On that note though, it's time.  Before I know it there will only be two of us living at home, and keeping a cupboard of easy to prepare packaged foods is no longer going to cut it.  My husband will frown.

When we left Virginia I got rid of a number of cookbooks, about half I'd guess.  Of the ones I kept, one of my favorites is one I stole from my mom, or maybe she gave it to me, I can't recall, the Pillsbury Kitchens' Family Cookbook from 1979.  There's a microwave cooking section, from the age when microwaves were a wonder not a staple.  There are plentiful gelatin recipes. There are also wonderful and unfussy cookies and a delicious beef stew. Others on my shelf are a Cooking Light book, a Weight Watcher's book, Bittman's How to Cook Everything, several others, as well as my standard go-to, a binder filled with website recipe printouts.

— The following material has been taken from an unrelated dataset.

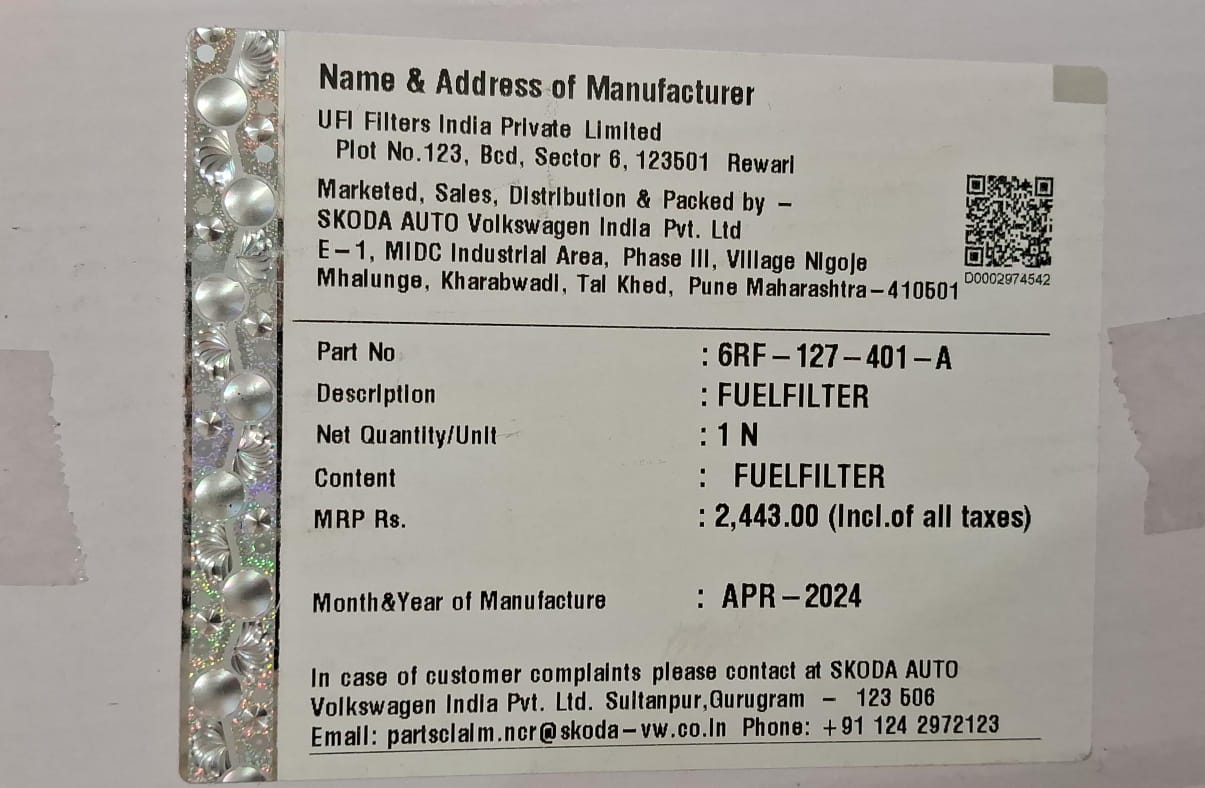 VW Polo, Vento, Skoda Rapid Diesel Type 2 Fuel Filter - 6RF127401A VW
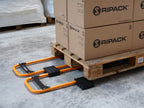 Ripack Calpack V2 lifting a pallet of cartons for shrink film underneath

My favorite recent find was a website of 2-ingredient snacks and treats.

See my second paragraph.

One of the 2-ingredient recipes combines self-rising flour and natural yogurt to make pizza crust. Pizza crust that involves no yeast and no rising. Yeast baffles me, though I know it shouldn't, but even as I seek out recipes for delicious breads the yeast makes me simply sigh.

I haven't looked far and wide for self-rising flour in Amman but I know it's not at my usual store.  But even if it was widely available, I thought "This should be easy enough to make and keep in my pantry."

So I pulled out Make-A-Mix.

And there's no recipe for self-rising flour.

A quick All Recipes search popped one up instantly so I'm not at a loss (and yay! no yeast!) but I have to say that the book disappointed me.

It shouldn't have.  Right in the description on Amazon it states that there are "67 make-ahead shortcut mixes for everything from all-purpose cake mix to meatball mix. These can be made on a weekend-or whenever there’s free time-and used to speed food preparation on busy days. The mixes are a key ingredient in one or more of the 306 recipes that follow."  There are 306 recipes, recipes I don't really need or want, while missing mixes I could use. 

In fact, to make the book more applicable to someone like me, I'd cut out the recipes entirely, fill in the mixes gap, and add a section on substitutions.  International substitutions, like what passes for yogurt or sour cream in other parts of the world. What are all those different kinds of sugars? When the only item on the shelf is labeled "farina" will that do? Spices, flours, pastas... they all play different roles and are listed under different names and are of different qualities.

The purpose of the book for me is to use the recipes I already know and love in my other cookbooks, when I can't buy Italian dressing, a cake mix, or taco sauce, or when I can't find a particular spice or seasoning.  I want it to supplement the books I use, not a collection of barely used meal ideas.

But that's me.  

Others may find the book a jumping off point for a new home and fresh start in the pantry. 
If you don't already have a favorite kitchen resource, Make-A-Mix is worth checking out.  But if you're one who already likes to experiment or has a knack for knowing which spices go together or even knows how to pull together a basic bread, this book probably isn't for you.